La infancia, como lugar mágico donde se forjan los perfiles de los monstruos que en ocasiones nos persiguen de por vida, es visitado una y otra vez; “las chachas nos contaban historias terribles”, confiesa Iwasaki al hablar de criaturas demoníacas que toman cuerpo y voz gracias a las sirvientas que le asisten en la casa. Creo necesario destacar, dentro de este mismo apartado de relatos de infancia, el cuento “Tres noches de corbata”, en el que una niñera aterroriza a un chaval contándole historias del Chullachaqui, un demonio que se acerca tocando un tamborcito mientras da vueltas a tu alrededor hasta matarte. De más está decir que la tensión crece renglón a renglón; el propio lector se descubre olfateando el aire, donde empieza a percibir notas de azufre.

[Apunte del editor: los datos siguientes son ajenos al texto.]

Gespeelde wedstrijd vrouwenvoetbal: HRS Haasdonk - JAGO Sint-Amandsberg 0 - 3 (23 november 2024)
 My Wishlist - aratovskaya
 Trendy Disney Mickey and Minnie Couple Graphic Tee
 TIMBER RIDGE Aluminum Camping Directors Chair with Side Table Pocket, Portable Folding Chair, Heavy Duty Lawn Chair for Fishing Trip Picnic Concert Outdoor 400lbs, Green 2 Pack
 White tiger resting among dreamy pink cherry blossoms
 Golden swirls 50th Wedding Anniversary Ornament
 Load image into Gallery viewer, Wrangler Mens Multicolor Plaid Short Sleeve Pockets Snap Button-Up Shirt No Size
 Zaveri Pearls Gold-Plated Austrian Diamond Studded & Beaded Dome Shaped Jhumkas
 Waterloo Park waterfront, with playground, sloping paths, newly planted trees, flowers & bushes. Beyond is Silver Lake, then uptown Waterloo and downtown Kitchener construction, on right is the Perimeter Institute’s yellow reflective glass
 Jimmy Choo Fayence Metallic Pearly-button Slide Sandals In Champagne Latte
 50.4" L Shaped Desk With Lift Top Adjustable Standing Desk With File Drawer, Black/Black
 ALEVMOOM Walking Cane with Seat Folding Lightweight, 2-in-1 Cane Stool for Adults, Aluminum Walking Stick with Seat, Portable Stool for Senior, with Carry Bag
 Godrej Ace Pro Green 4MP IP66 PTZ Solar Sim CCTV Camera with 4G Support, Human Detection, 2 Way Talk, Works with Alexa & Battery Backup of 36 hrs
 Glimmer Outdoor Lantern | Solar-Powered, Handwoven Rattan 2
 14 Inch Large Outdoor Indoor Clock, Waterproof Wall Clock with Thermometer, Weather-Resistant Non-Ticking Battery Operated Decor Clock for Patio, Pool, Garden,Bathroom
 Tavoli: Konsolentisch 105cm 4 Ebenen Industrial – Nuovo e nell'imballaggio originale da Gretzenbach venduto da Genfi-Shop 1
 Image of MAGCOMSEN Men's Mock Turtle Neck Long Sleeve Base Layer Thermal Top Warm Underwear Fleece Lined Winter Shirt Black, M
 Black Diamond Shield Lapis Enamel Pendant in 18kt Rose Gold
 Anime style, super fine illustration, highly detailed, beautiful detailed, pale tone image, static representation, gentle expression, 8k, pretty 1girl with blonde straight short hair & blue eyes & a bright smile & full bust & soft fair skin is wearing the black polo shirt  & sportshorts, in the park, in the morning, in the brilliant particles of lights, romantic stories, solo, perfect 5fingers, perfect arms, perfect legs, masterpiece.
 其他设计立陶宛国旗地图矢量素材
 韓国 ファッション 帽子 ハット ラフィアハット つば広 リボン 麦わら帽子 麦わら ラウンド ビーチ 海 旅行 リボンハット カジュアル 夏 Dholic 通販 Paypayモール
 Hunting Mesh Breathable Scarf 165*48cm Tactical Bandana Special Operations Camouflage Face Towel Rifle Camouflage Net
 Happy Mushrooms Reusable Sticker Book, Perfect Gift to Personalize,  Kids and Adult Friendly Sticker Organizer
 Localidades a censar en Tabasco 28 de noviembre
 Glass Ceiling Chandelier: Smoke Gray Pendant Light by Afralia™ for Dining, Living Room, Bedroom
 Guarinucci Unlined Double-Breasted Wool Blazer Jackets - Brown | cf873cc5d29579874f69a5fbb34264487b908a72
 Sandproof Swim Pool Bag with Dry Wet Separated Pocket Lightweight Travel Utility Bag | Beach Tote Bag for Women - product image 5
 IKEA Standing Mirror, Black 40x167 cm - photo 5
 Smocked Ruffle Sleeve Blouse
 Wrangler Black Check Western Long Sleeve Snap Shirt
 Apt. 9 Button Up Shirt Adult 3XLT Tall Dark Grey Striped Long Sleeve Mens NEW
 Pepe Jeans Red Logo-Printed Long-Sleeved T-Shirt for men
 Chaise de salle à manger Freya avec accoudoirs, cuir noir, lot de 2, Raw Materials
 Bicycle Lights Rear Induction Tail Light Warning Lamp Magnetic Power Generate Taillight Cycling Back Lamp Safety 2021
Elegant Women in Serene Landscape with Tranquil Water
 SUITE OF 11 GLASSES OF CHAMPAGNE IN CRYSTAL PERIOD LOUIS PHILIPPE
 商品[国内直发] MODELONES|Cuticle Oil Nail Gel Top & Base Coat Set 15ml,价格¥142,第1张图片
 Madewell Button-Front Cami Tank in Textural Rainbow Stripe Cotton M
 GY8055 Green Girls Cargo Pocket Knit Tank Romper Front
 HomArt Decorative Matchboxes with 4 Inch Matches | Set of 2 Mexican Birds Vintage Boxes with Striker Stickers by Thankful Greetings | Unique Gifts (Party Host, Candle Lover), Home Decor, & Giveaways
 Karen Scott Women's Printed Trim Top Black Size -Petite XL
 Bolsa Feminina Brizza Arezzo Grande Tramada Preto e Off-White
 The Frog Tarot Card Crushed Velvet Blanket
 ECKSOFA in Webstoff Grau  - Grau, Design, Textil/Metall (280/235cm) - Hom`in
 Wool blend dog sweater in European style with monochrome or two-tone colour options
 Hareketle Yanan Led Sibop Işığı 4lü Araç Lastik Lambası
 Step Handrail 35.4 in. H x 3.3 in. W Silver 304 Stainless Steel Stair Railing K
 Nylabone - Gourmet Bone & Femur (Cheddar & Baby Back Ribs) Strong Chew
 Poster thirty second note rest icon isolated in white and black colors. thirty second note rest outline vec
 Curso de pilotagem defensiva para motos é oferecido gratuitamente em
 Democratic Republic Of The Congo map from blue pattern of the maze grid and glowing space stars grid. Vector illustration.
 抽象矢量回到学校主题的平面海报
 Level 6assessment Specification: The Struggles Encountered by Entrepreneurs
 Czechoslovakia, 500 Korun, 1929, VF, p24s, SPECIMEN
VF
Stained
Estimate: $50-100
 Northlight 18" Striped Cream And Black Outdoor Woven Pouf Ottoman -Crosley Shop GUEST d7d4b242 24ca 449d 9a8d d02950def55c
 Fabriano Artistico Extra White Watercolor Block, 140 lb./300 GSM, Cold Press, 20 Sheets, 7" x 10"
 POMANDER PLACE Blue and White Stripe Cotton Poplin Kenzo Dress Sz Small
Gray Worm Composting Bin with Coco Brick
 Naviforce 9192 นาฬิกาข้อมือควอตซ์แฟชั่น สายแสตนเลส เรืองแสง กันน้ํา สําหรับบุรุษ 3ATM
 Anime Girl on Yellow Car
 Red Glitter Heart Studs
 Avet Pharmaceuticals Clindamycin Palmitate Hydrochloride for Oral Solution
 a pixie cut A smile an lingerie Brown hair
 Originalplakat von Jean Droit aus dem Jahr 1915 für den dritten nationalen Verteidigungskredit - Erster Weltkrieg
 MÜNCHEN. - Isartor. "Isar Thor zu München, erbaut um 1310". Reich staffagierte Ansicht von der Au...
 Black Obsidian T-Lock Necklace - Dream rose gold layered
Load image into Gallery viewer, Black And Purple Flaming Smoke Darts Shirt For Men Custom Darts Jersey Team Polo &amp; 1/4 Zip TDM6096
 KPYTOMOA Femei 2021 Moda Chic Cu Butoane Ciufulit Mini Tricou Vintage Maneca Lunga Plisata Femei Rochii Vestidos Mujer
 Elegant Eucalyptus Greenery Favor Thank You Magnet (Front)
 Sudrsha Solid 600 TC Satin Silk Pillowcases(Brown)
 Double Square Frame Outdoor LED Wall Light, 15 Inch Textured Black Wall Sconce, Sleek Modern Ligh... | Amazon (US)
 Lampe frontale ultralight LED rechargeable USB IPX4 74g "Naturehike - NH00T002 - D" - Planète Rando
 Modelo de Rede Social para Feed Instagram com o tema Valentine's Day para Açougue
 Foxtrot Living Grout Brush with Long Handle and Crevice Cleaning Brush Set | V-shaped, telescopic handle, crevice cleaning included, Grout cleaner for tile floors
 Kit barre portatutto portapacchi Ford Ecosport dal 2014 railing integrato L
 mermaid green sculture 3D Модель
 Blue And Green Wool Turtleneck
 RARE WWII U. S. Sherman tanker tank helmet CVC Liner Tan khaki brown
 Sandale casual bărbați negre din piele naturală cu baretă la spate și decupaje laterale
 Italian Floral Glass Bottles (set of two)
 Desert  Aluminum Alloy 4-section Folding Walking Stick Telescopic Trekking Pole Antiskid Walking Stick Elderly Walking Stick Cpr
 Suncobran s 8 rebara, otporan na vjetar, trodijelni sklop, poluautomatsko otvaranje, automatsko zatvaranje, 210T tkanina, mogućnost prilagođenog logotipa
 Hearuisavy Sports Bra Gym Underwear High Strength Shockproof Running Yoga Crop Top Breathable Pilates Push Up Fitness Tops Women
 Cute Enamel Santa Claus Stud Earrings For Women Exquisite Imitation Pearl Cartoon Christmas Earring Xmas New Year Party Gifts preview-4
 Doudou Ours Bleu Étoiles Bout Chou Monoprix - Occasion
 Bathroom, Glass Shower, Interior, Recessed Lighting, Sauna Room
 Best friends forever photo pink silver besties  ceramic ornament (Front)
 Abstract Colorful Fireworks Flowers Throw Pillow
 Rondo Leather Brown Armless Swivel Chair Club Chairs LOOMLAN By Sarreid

Pero no todo son demonios y chachas malintencionadas. También hay historias realmente calientes —“Hawai, cinco y medio”, tardes de sol y tendido— “En los adentros del toro”, encuentros y desencuentos entre generaciones —“La otra batalla del Ayacucho”o “El sendero de los durmientes”— y mucha selva peruana y erotismo. Me gustaría destacar, por otro lado, el minucioso trabajo de reconstrucción del habla popular. La voz del personaje está presente en todos los relatos, donde se recrea el castellano de los tiempos del virreinato, el acento sevillano (muy logrado; se ve que a Iwasaki le fascina esta tierra) o el lenguaje taurino, que según el autor aprendió gracias a las crónicas de Joaquín Vidal en El País.
Personalmente, los cuentos que más me han gustado han sido aquellos donde el erotismo, dulzón y transoceánico, trasgresor a su manera, te golpean en la cara como una bofetada. Lo decía Apolodoro y lo recupera Iwasaki: «Una sola parte de diez goza el hombre, las diez satisface la mujer deleitando su mente».